The trilogy has gotten both sillier and more refined as it has gone along. Make no mistake, these are comedies, and the humor would fit squarely into a Monty Python category of silliness, but there is biting satire about shallowness of modern culture and surprisingly sensitive treatment of the theme of what friendship is and how much it costs. The comic style that was quite fresh in Shaun has been fine-tuned and reaches new heights here. And the cast, many of whom have done all three movies, seem very comfortable. Simon Pegg is really quite brilliant in the lead, and the chemistry between Pegg and Nick Frost, whose characters had the pivotal relationship in all three movies, was particularly satisfying. Joining the regulars in this movie was Rosamund Pike, as Sam, Oliver's younger sister. You know, I'm not sure how well Pike can act, but she is so good looking that she's a pleasure to watch.

I laughed a lot at this movie, as much as I laughed at Despicable Me 2 earlier this year, and I hadn't laughed that much at a movie for a long time. Be careful, though. This is a much more adult movie. The language is pretty rough (but funny), and the themes are definitely not something you want younger children listening to.

Outrageous, surreal, and very definitely funny, you get a lot of entertainment for your money with this film. If you are at all a fan of British comedy, The World's End is worth a trip to the movie theater.

Sand said:

A drunk, a real estate agent, an engineer, a car salesman, and a lawyer walk into a bar ...

... and find that the town they once tried to take by storm, drinking their way through the Golden Mile of twelve pubs, has been taken over by a disturbing and murderous force.

After watching Hot Fuzz and Shaun of the Dead, I was really hyped and ready to love The World's End.

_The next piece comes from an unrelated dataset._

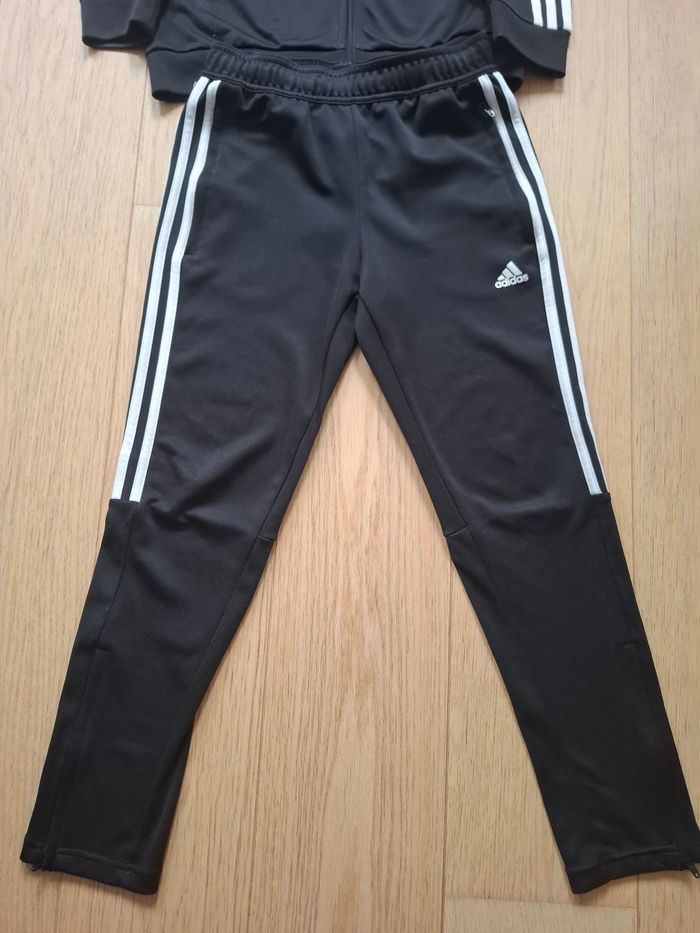 Lot Adidas noir bandes blanches - photo numéro 3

And honestly, I did enjoy it, and laughed heartily at much of it.

What was most enjoyable was seeing this ensemble of actors take on different roles, yet still maintain a sense of camaraderie that carried over from the previous two movies. I love them all.

Still, I was constantly less than amused by Simon Pegg's character, Gary King, a lapsed alcoholic recently escaped from rehab and the hospital. Having had two of my friends nearly destroy their lives due to alcohol and drug addiction, I found myself seeing their behavior in Gary King's insouciance to danger and common sense, and his lack of concern over what his actions might do to the people he loved the most. That wasn't funny in real life; it wasn't very funny in the movie.

The rest of the quintet, plus Rosamund Pike's character, Samantha, were very, very funny. All of the characters grew up, got serious about life -- maybe too serious. Bit by bit they break down and begin to laugh at themselves, start to remember what life felt like back when they were twenty years younger: more immediate, and far less frightening. It's this youthful verve they have to recover in order to save the world.

By all means, see this film. It's wonderful, and will keep you thinking about your life for days and days after.